Selon Mycle Schneider, analyste indépendant de l'énergie nucléaire au Canada, cela signifie que la centrale fonctionne probablement en " mode insulaire", c'est-à-dire qu'elle produit de l'électricité pour son propre fonctionnement. "Le mode insulaire est un moyen très bancal, instable et peu fiable de fournir une alimentation électrique continue à une centrale nucléaire". Il ajoute que "beaucoup, sinon la plupart des tentatives d'îlotage échouent". La centrale de Zaporijjia dispose de générateurs diesel de secours pour produire l'énergie nécessaire au fonctionnement de la centrale si la source extérieure est interrompue. Mais, selon M. Schneider, les opérateurs de la centrale ont peut-être décidé de passer d'abord en mode îlotage. Si la centrale se tourne vers les générateurs diesel en dernier recours et qu'ils tombent en panne, le réacteur et le combustible usé pourraient rapidement surchauffer.

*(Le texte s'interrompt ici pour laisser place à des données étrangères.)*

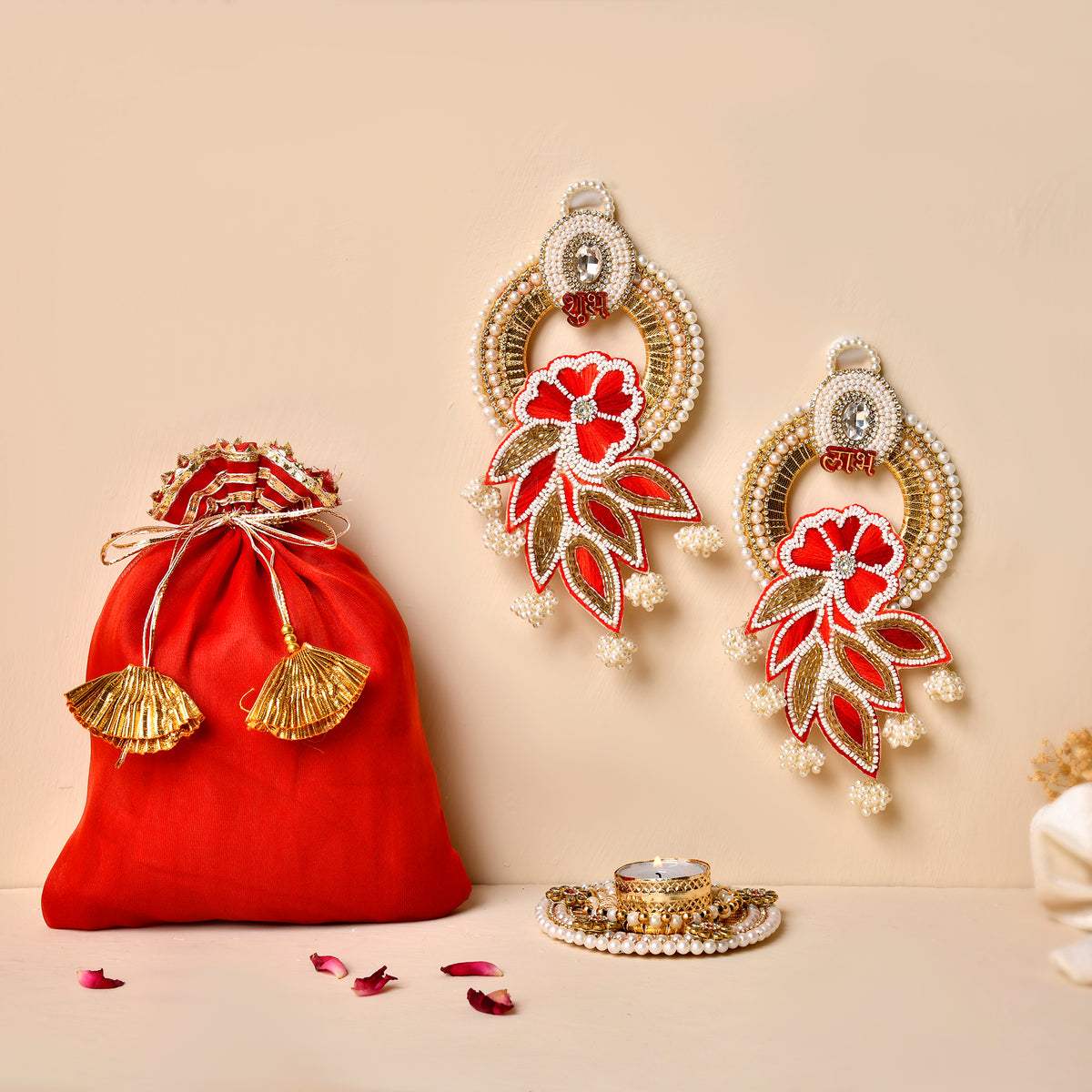 Floral Embroidery PatchShubh Labh & Kundan Tea light Combo With Beautiful Organza  Potli(Gifting hamper)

Selon les experts, les réacteurs de Zaporijjia sont conçus pour résister aux catastrophes naturelles et même aux crashs d'avions, mais les combats imprévisibles ont menacé à plusieurs reprises les systèmes de refroidissement. En 1986, l'Ukraine a été le théâtre du pire accident nucléaire au monde, l'explosion de Tchernobyl.

Les services de renseignement ukrainiens ont signalé que les habitants d'Enerhodar fuient la ville par peur. Le vice-premier ministre ukrainien Iryna Vereshchuk a déclaré que la Russie devrait organiser des couloirs de sécurité pour les femmes et les enfants vivant à proximité. "Les gens en masse nous tendent la main pour demander de l'aide. Ils essaient de quitter le territoire dangereux, mais il n'y a pas de couloirs", a déclaré Vereshchuk à la télévision ukrainienne.